Car nous ne devons jamais oublier que l’expérience extraordinaire qu’ont faite les
apôtres sur le mont Thabor, elle est destinée à tous les êtres humains. Depuis que le Verbe
s’est fait chair, et surtout depuis que Jésus a donné sa vie pour nous, est ressuscité et nous a
envoyé l’Esprit saint, nous tous avons le pouvoir et la vocation d’être « enfants de Dieu » (Jn
1,12), et tous nous avons pouvoir de voir Dieu dans la personne de Jésus, comme nous le
rappelle le quatrième évangile : « Nul n'a jamais vu Dieu; le Fils unique, qui est dans le sein
du Père, c’est lui qui l’a manifesté » (Jn 1,18). Jésus n’a pas seulement manifesté Dieu par ses
miracles et ses paroles extraordinaires, Il a aussi manifesté la gloire de Dieu devant les apôtres
qui étaient avec lui sur le Thabor, et qu’Il avait initiés à la prière solitaire avec Dieu.

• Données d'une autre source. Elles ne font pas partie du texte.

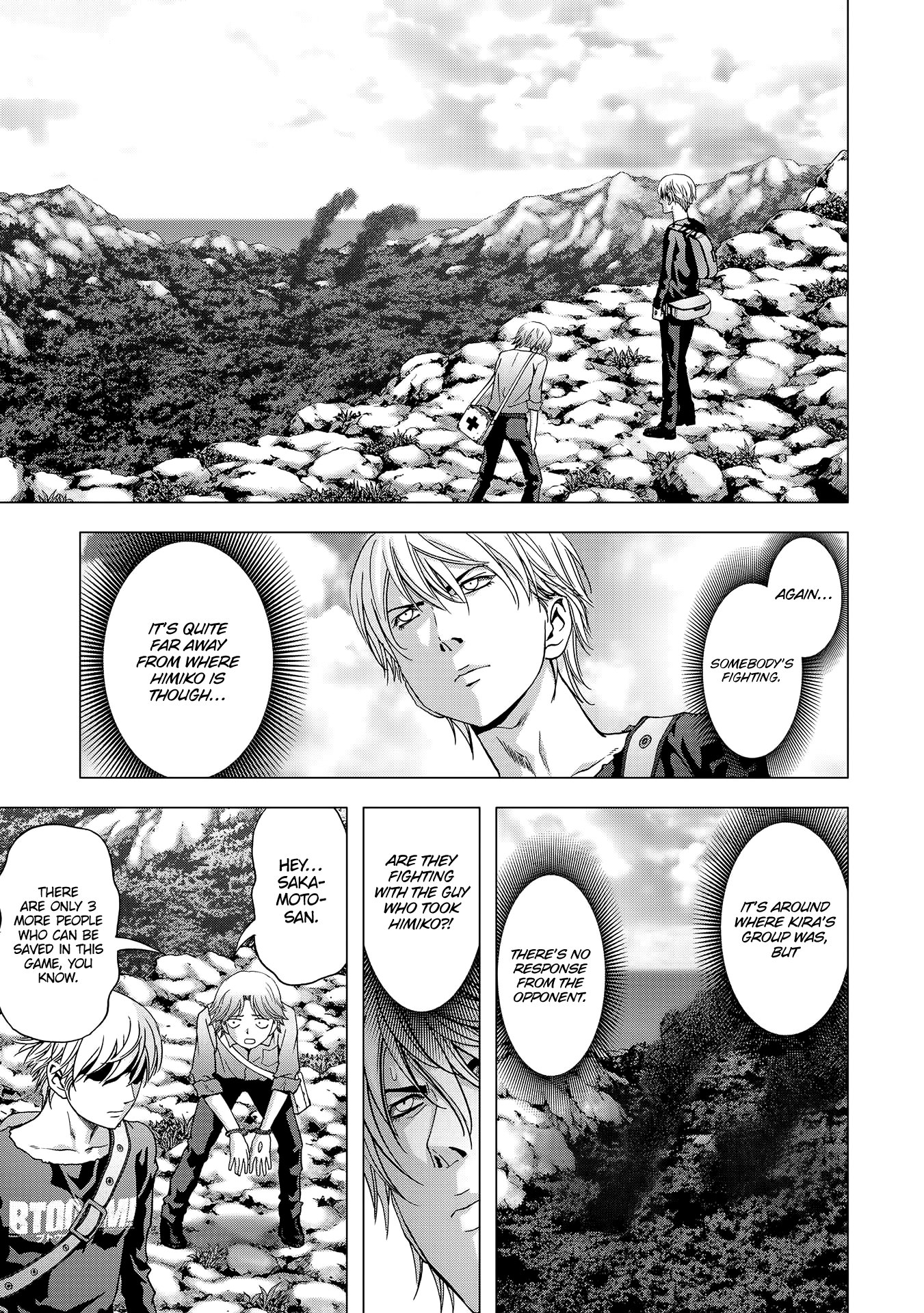 Read Btooom! En Manga Online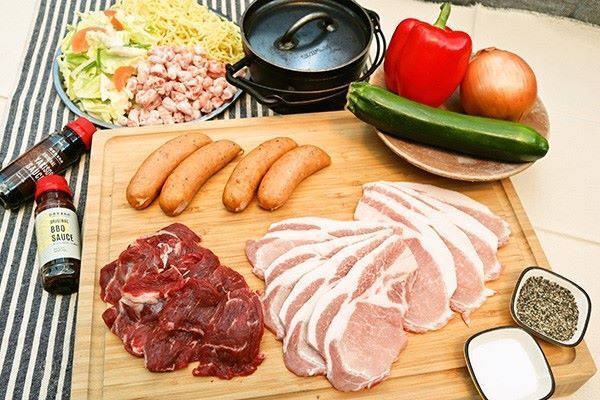 本牧市民プール BBQPIT横浜＆CAMP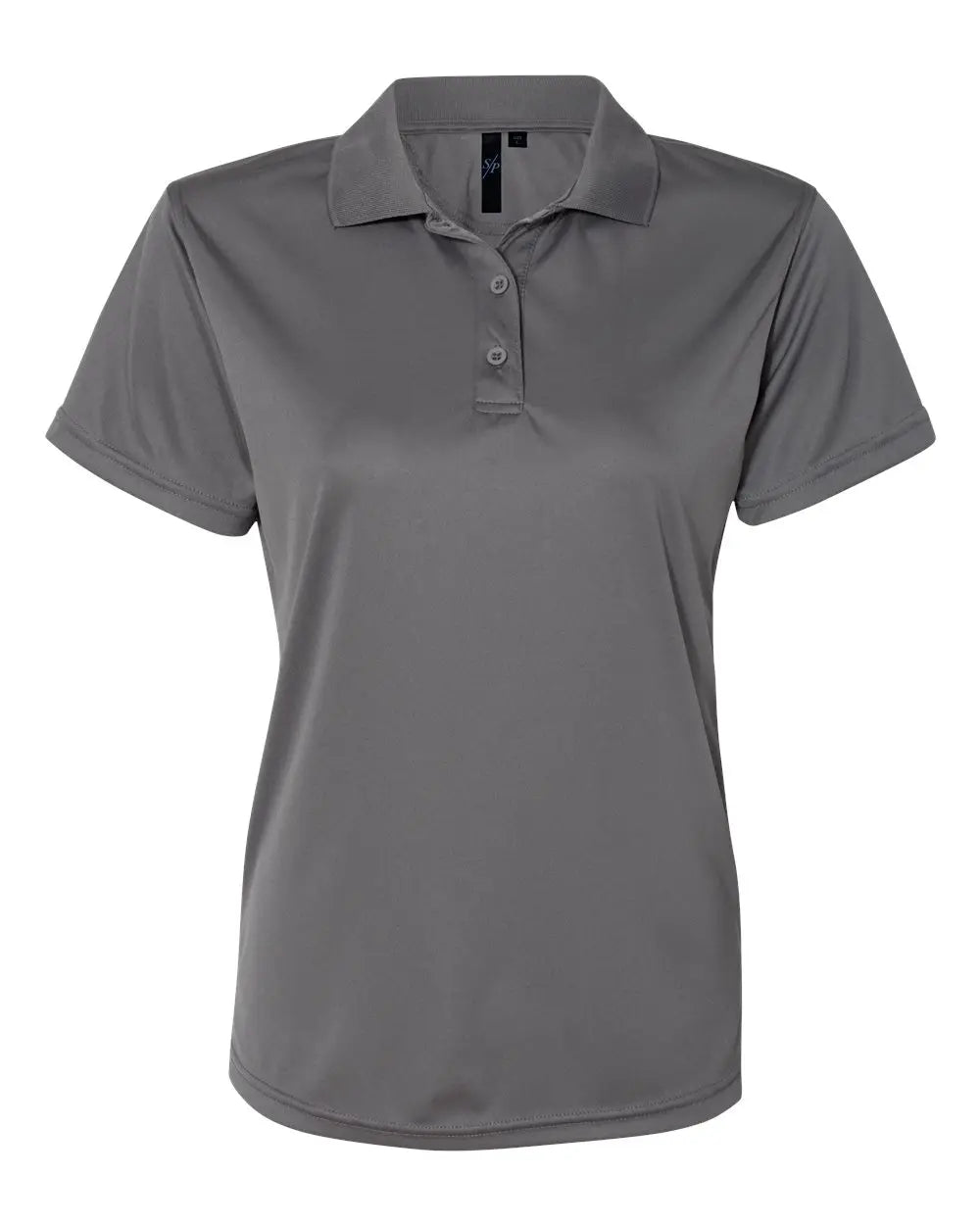 Sierra Pacific 5100s Women’s Value Polyester Polo - 5100 - Steel - Ladies s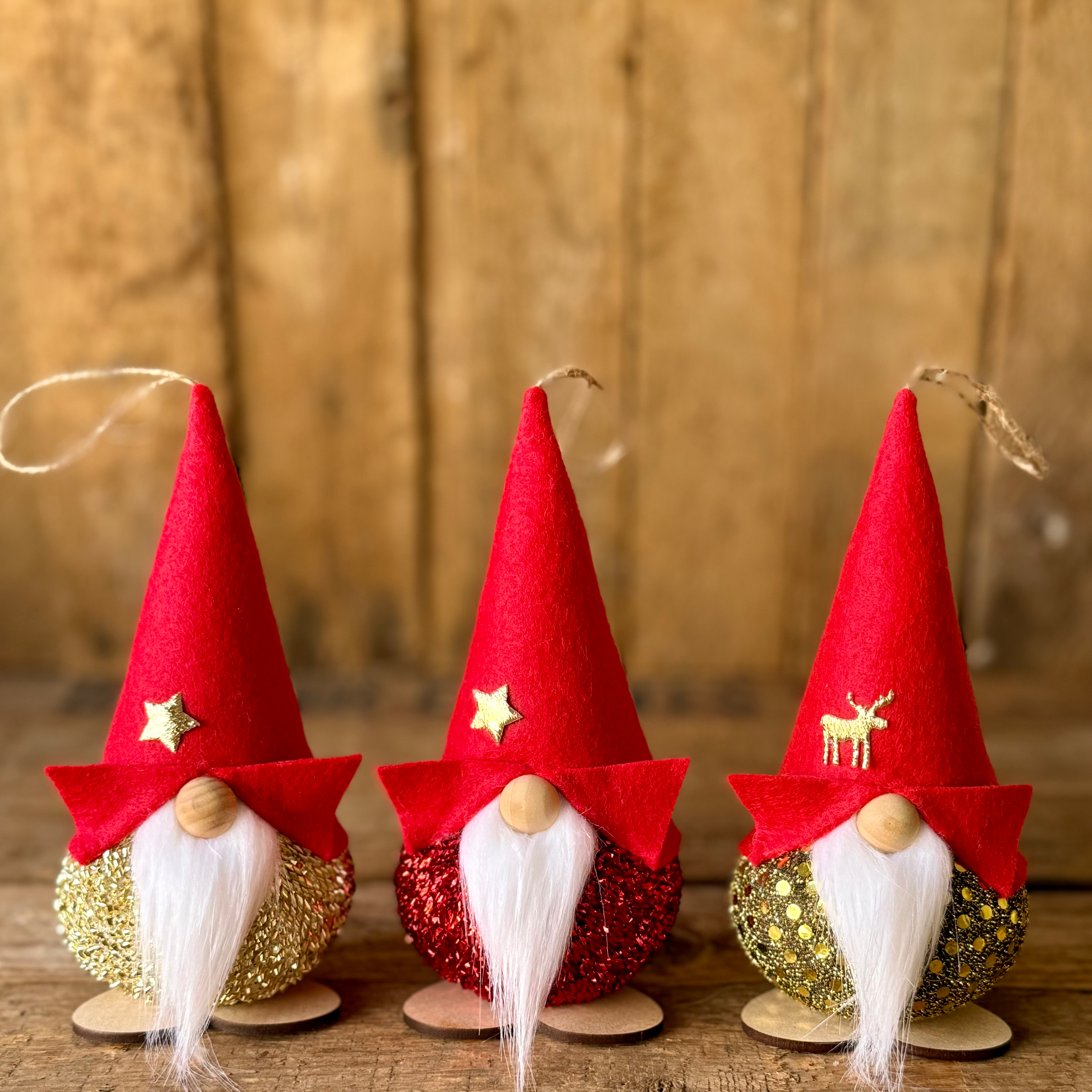 Gnorbits - Red & Gold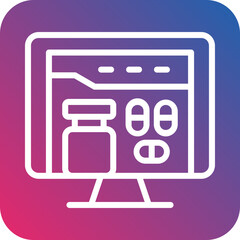 Digital Medicine Icon Style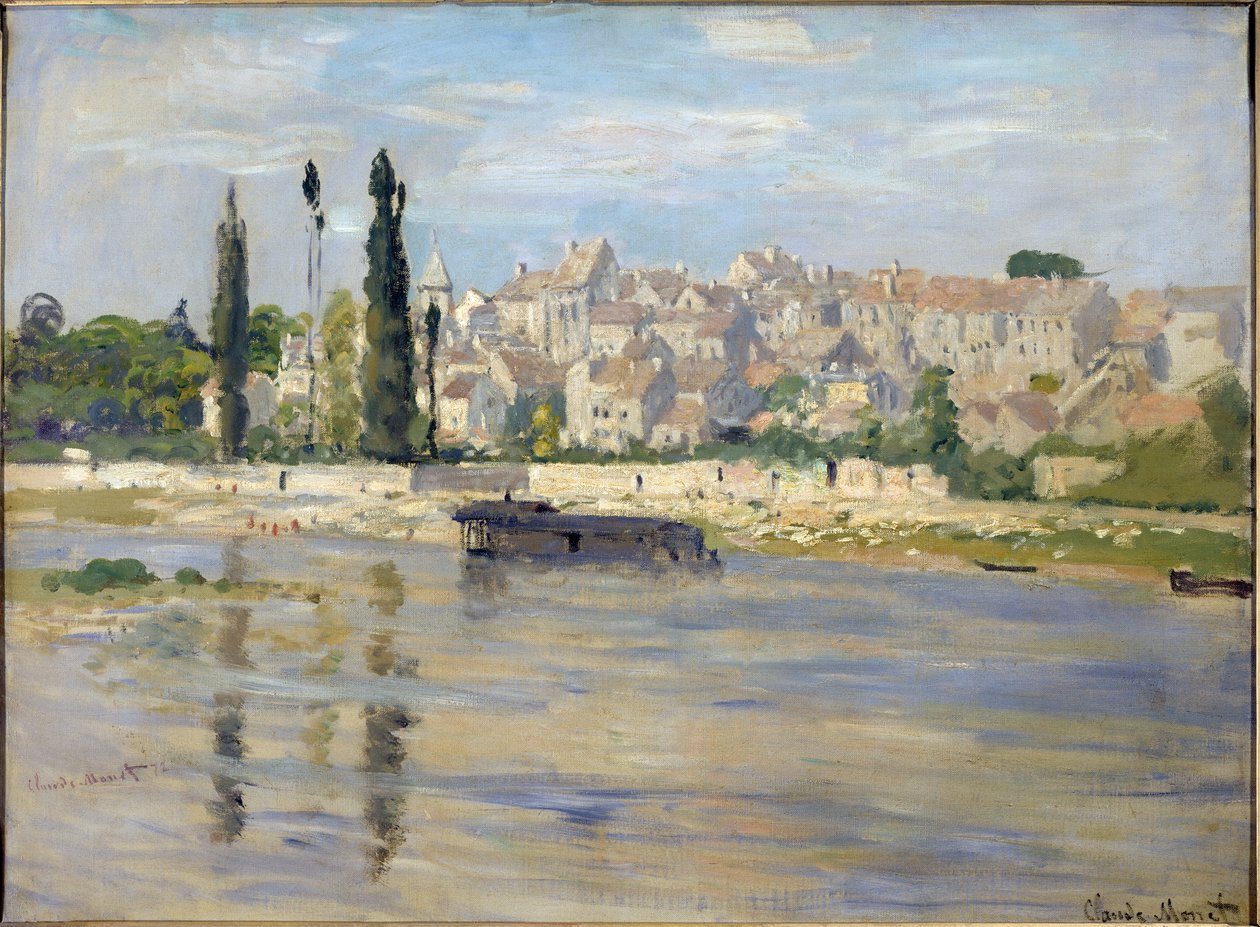 Carrieres-Saint-Denis - Claude Monet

Il ne
s’agit pas ici d’avoir des visions extraordinaires et des extases — même si elles existent à
coup sûr pour ceux que Dieu en juge dignes — mais tout simplement de réaliser à quel point
Dieu est présent à chacun d’entre nous à chaque instant de notre vie, de voir qu’Il ne nous
abandonne jamais, mais que c’est nous qui ne faisons pas attention à Lui. Plus nous ouvrons
les yeux de notre coeur, plus nous faisons en nous le vide de nos pensées terrestres et lui
laissons la place, et plus sa gloire — c’est-à-dire la manifestation de son Amour indéfectible
— nous apparaîtra. Il s’agit de voir Dieu tel qu’Il est, et pour cela devenir semblables à Lui
(cf. 1 Jn 3,2). Cela prendra sans doute tout le temps de notre existence, petit à petit, et cela
suppose que nous nous retirions seul à seul avec Lui dans la prière, afin de le laisser
transformer notre cœur. N’ayons donc pas peur de monter sur la montagne avec Lui pour Le
regarder prier et qu’Il nous apprenne, à nous aussi, à prier d’un cœur pur et d’un esprit
totalement libéré pour le Seigneur.
Pour les apôtres, cette expérience extraodinaire a servi à les raffermir pour qu’ils
pussent affronter le scandale de la mort de Jésus sur la Croix, et qu’ils eussent moins de mal à
croire en sa Résurrection – comme nous le rappelle le kondakion de la fête. Mais pour nous
aussi, l’expérience de la rencontre seul à seul avec Dieu dans la prière doit rafermir notre foi
et nous aider à affronter les difficultés de la vie avec plus de courage, parce que nous savons
que Dieu est avec nous (cf. Rom 8,31; Ps 117,6 etc.), et n’avoir pas peur de témoigner devant
les hommes que Jésus est vraiment le Fils du Père éternel, qu’Il est venu et nous a sauvés.